**Entries shown:**
+ + + + + + +

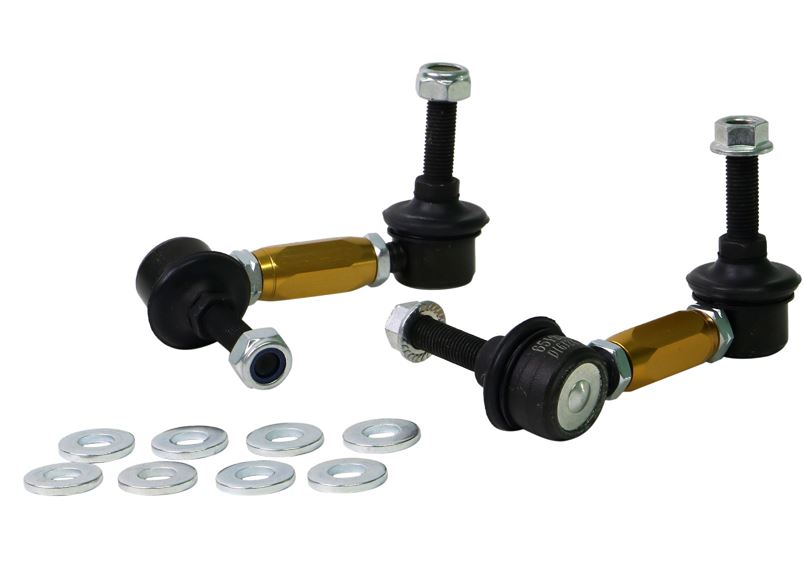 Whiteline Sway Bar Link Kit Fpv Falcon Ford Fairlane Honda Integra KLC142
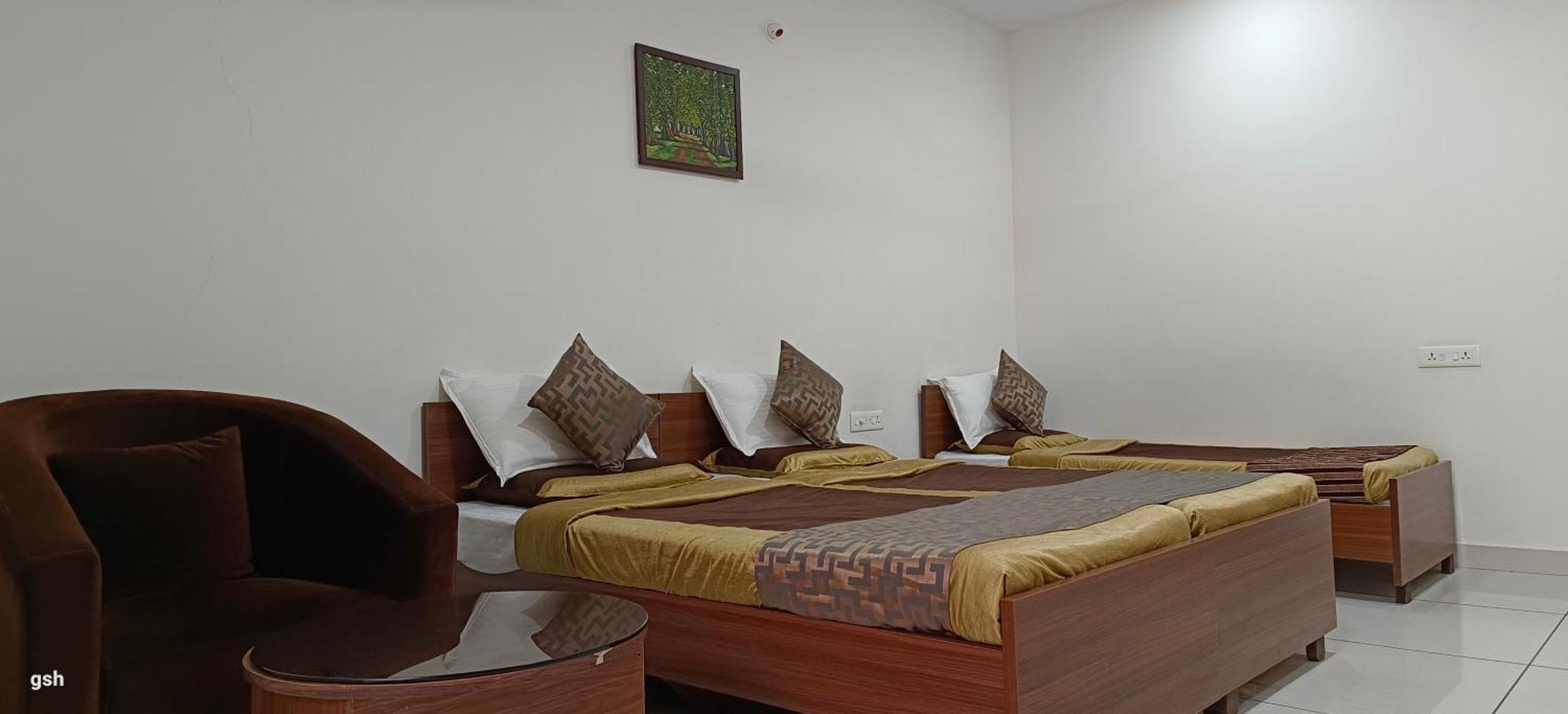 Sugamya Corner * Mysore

+ + + + + + +

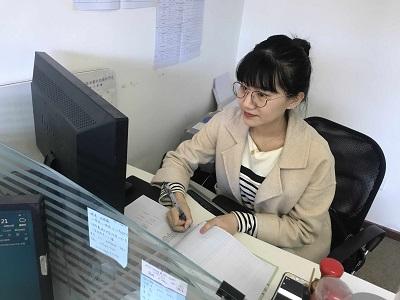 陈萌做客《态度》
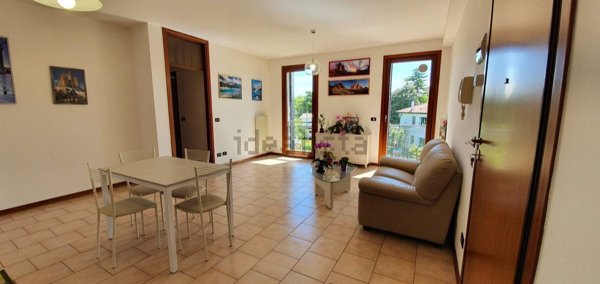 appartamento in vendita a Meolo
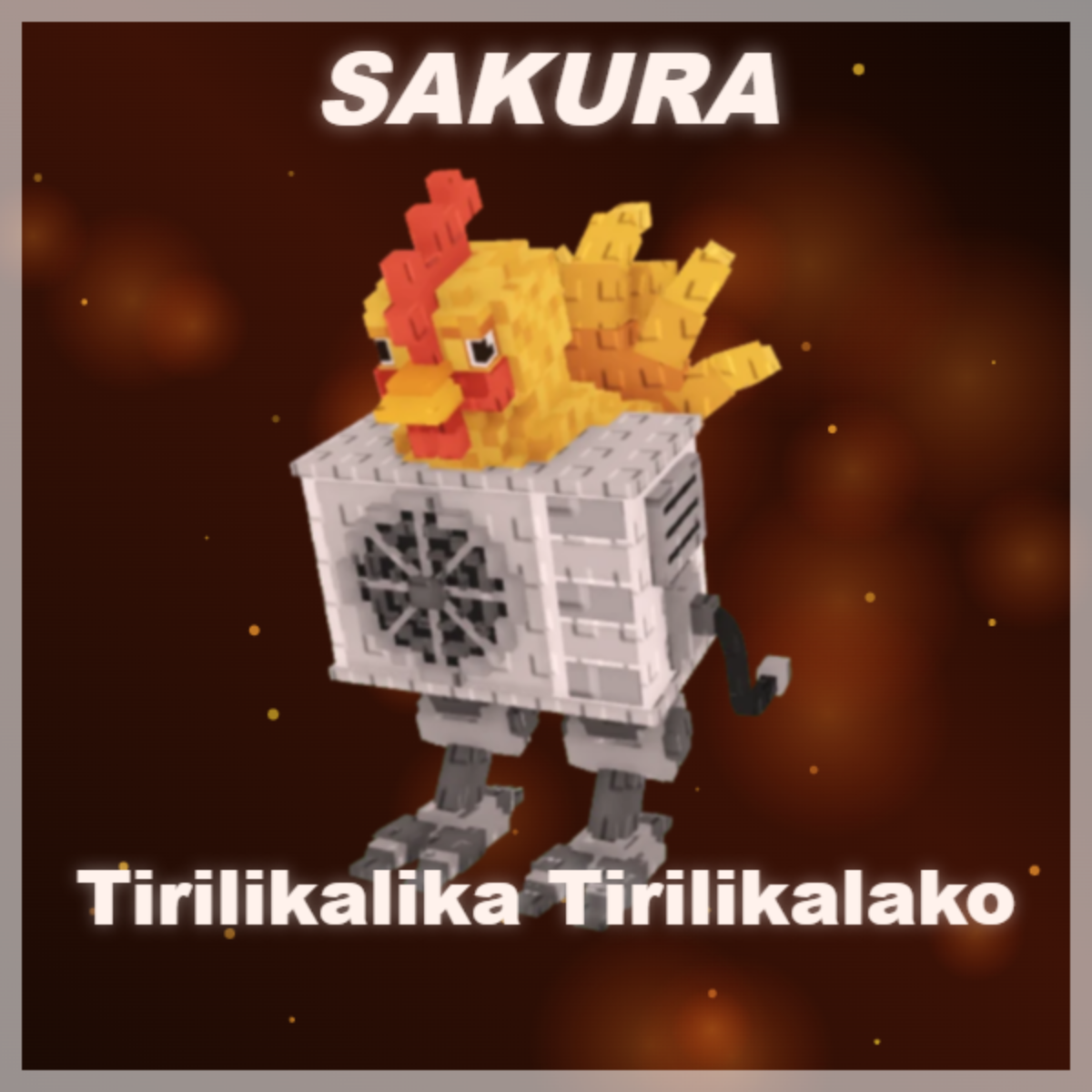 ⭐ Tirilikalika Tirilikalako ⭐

+ + + + + + +

**Problem:** What's needed is an exact copy of the records above from the line containing "appartamento in vendita a Meolo" down to the line containing "Tirilikalika Tirilikalako ⭐", both included, without any pictures.

**Exercise output:**
 appartamento in vendita a Meolo
 ⭐ Tirilikalika Tirilikalako ⭐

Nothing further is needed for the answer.